- Problem to work on: The result should be an exact copy of the entries that follow, with no pictures included.

- Data to examine:
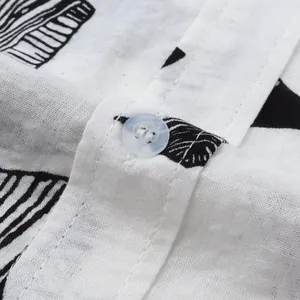 Close-up detail of button and leaf pattern on casual men's cotton linen beach shirt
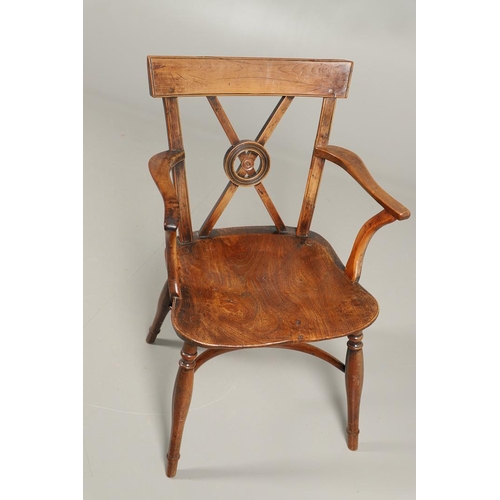 531 - A YEW AND ELM WINDSOR ELBOW CHAIR. early 19th century, Buckingham or Oxford, the cross and roundel b... 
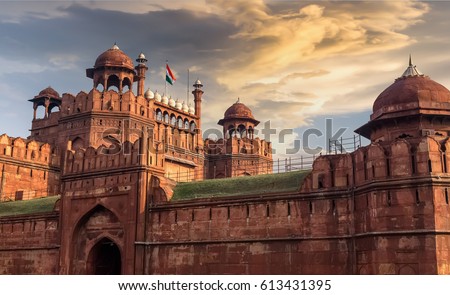 Red Fort Delhi at sunset with moody sky - A UNESCO World heritage site.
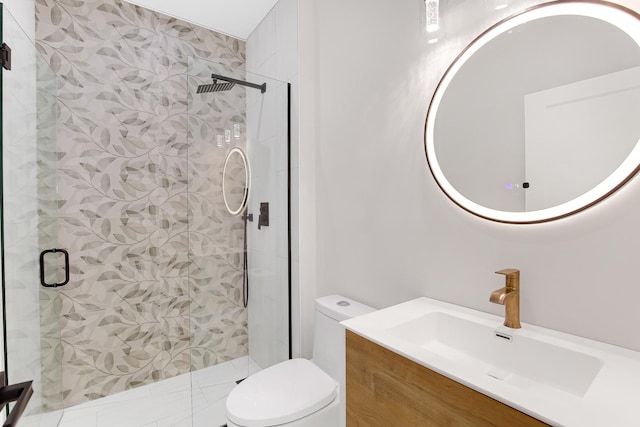 bathroom featuring vanity, an enclosed shower, and toilet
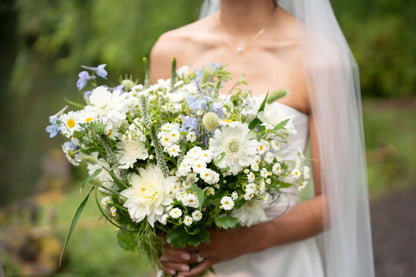 Close-up of a Kvetka Flower wedding bouquet with white daisies and soft greenery in Portland, OR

- Task output:
 Close-up detail of button and leaf pattern on casual men's cotton linen beach shirt
 531 - A YEW AND ELM WINDSOR ELBOW CHAIR. early 19th century, Buckingham or Oxford, the cross and roundel b... 
 Red Fort Delhi at sunset with moody sky - A UNESCO World heritage site.
 bathroom featuring vanity, an enclosed shower, and toilet
 Close-up of a Kvetka Flower wedding bouquet with white daisies and soft greenery in Portland, OR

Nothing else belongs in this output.